# Homesteader question



## harryp (Sep 28, 2007)

Just installed a Fisher Homesteader plow on my 2004 Wrangler. I can very easily move the plow blade left or right by hand. This doesn't seem right to me. Anyone know if this hydraulic system just won't "lock" the blade from angling (hard to believe) or might this be air in the rams? Thanks.


----------



## 99 blazer (Dec 4, 2005)

No this is not normal. I would bleed all the lines from the bottom.


----------



## vtzdriver (Jun 12, 2006)

When I first bought mine, the plow would tilt as I drove down the road with the controller powered off. That is not the case now.
I have had the unit lock up or refuse to move on a couple of occasions. A push in the opposite direction has always returned function.

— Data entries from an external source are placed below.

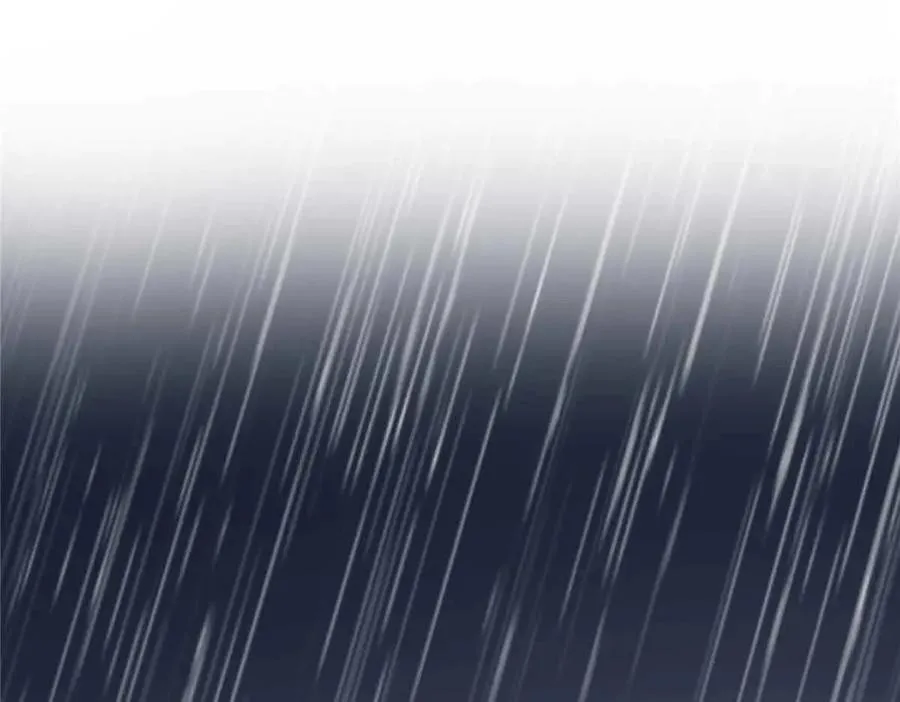 第509话 阿九，帮帮我49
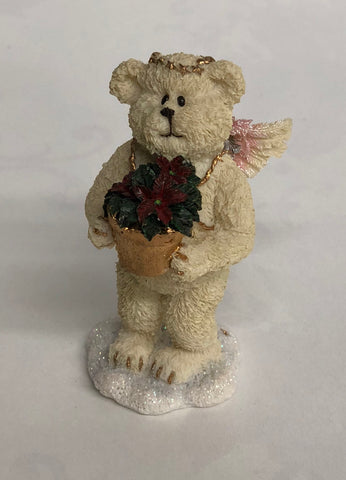Chrissy -Boyd's Bear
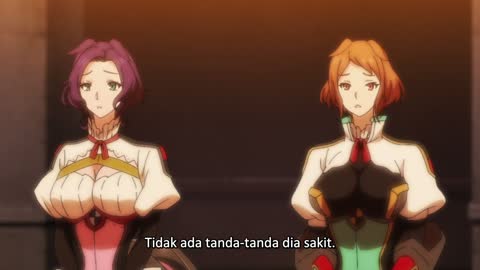 EP-1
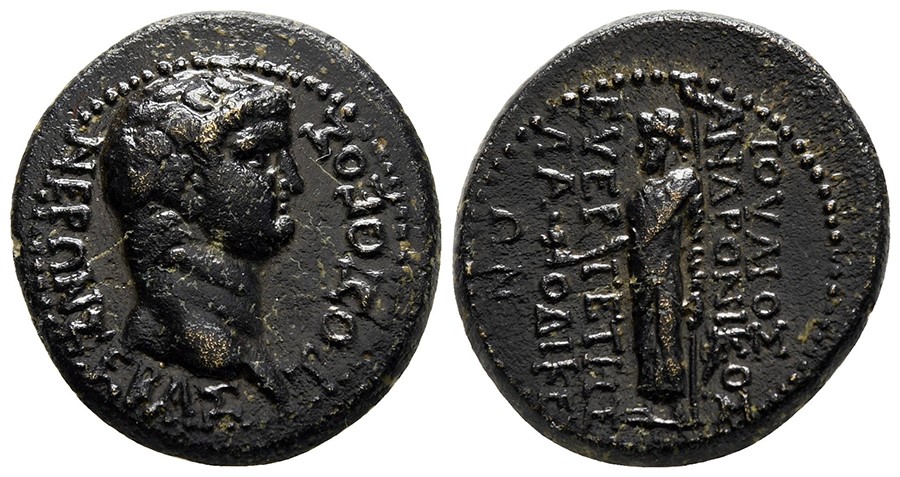 7137501.jpg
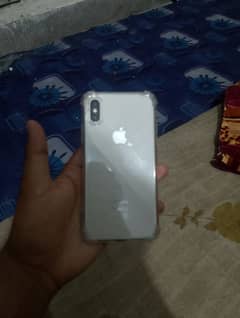 iphone x for sale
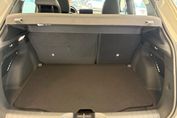 Fiat 600 1.2 Turbo Hybrid eDCT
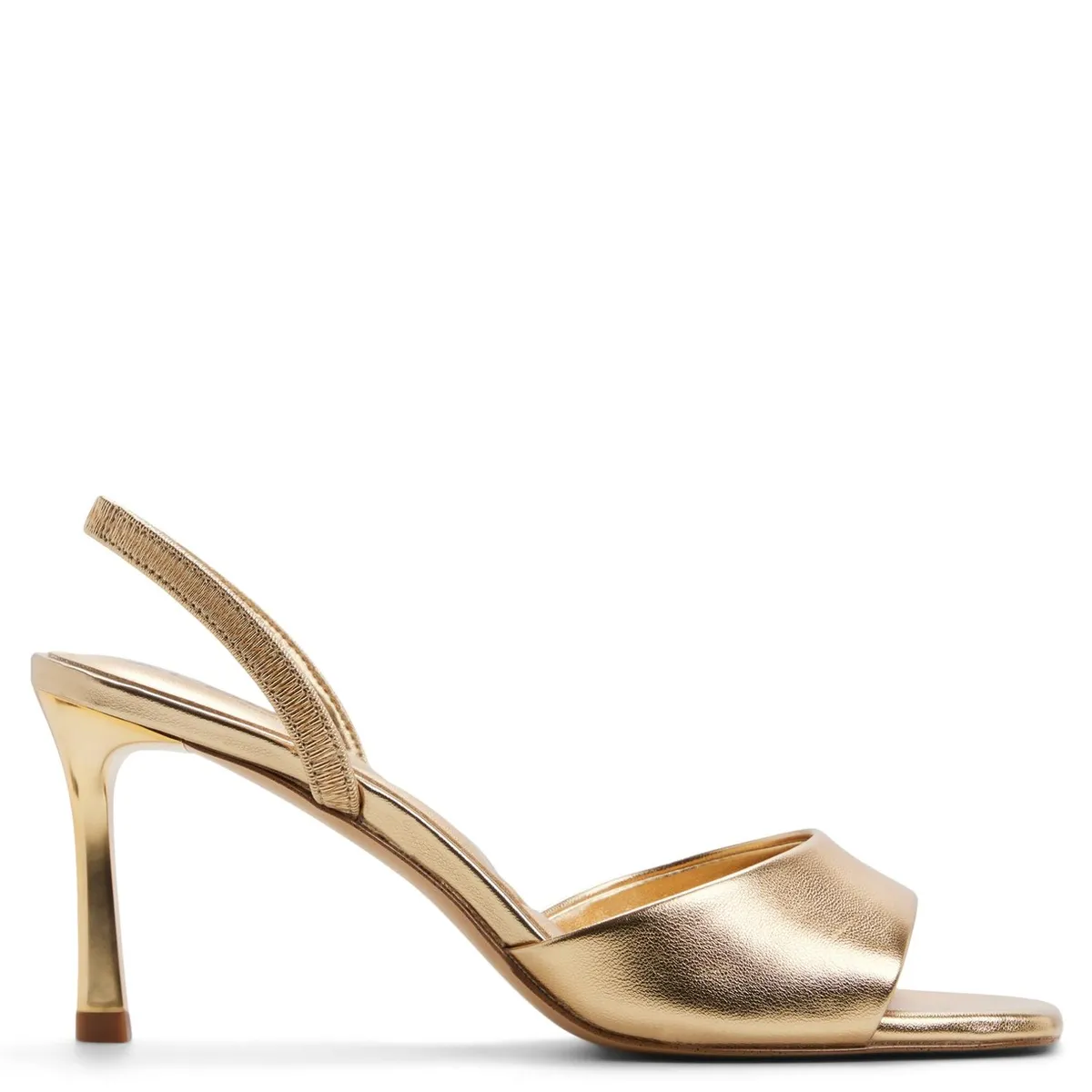 ALDO - Sandalias de Vestir Mujer Aldo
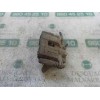 Recambio de pinza freno trasera izquierda para mitsubishi outlander (cw0) 2.2 di-d cat referencia OEM IAM 4605A263  
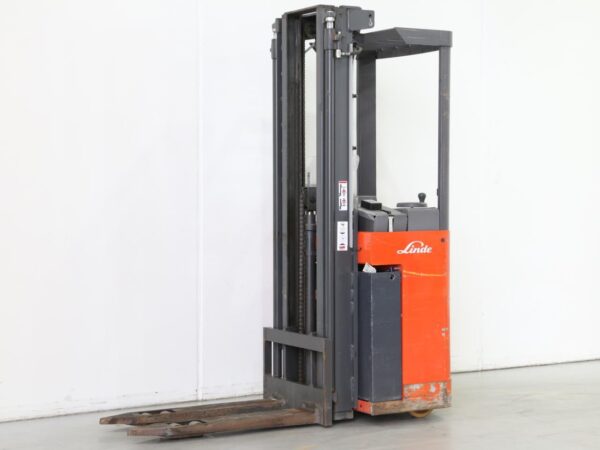 Atlet AJN160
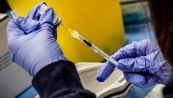 I buoni spesa per chi si vaccina arrivano anche in Italia: è polemica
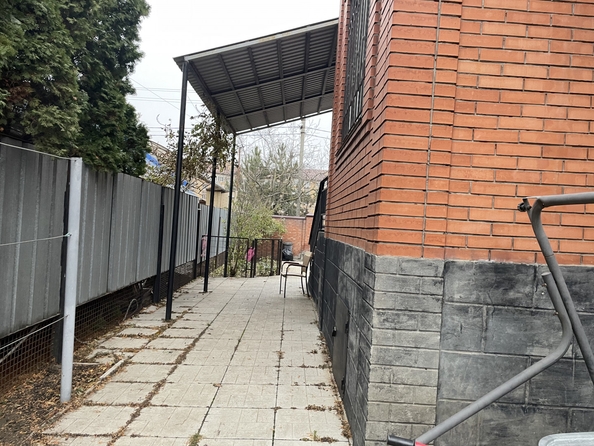 
  Продается дом, 290 м², Ростов-на-Дону
. Фото 2.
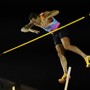 Renaud Lavillenie Renaud Lavillenie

Next week, the dealer is going to change fluid and setup of the plow.


----------



## blueline38 (Dec 22, 2007)

sound like you have air in the lines. I have the suburbanite, same plow different color, and you cannot move it. get the front of the truck in the air on a bank or hang it over a bank and lower the plow as low as possible. then work the angle arms. this will bleed the air out.


----------



## MrBigStuff (Oct 4, 2005)

new2chevy;466390 said:


> sound like you have air in the lines. I have the suburbanite, same plow different color, and you cannot move it. get the front of the truck in the air on a bank or hang it over a bank and lower the plow as low as possible. then work the angle arms. this will bleed the air out.


I had to do the exact same thing with my Homesteader. Due to the way it sits on the truck, the rams are hard to bleed. I had to drive up to a bank so I could lower the blade enough to get the rear part of the rams at the highest point. Swung the blade back and forth a few times and it was rock solid after that.


----------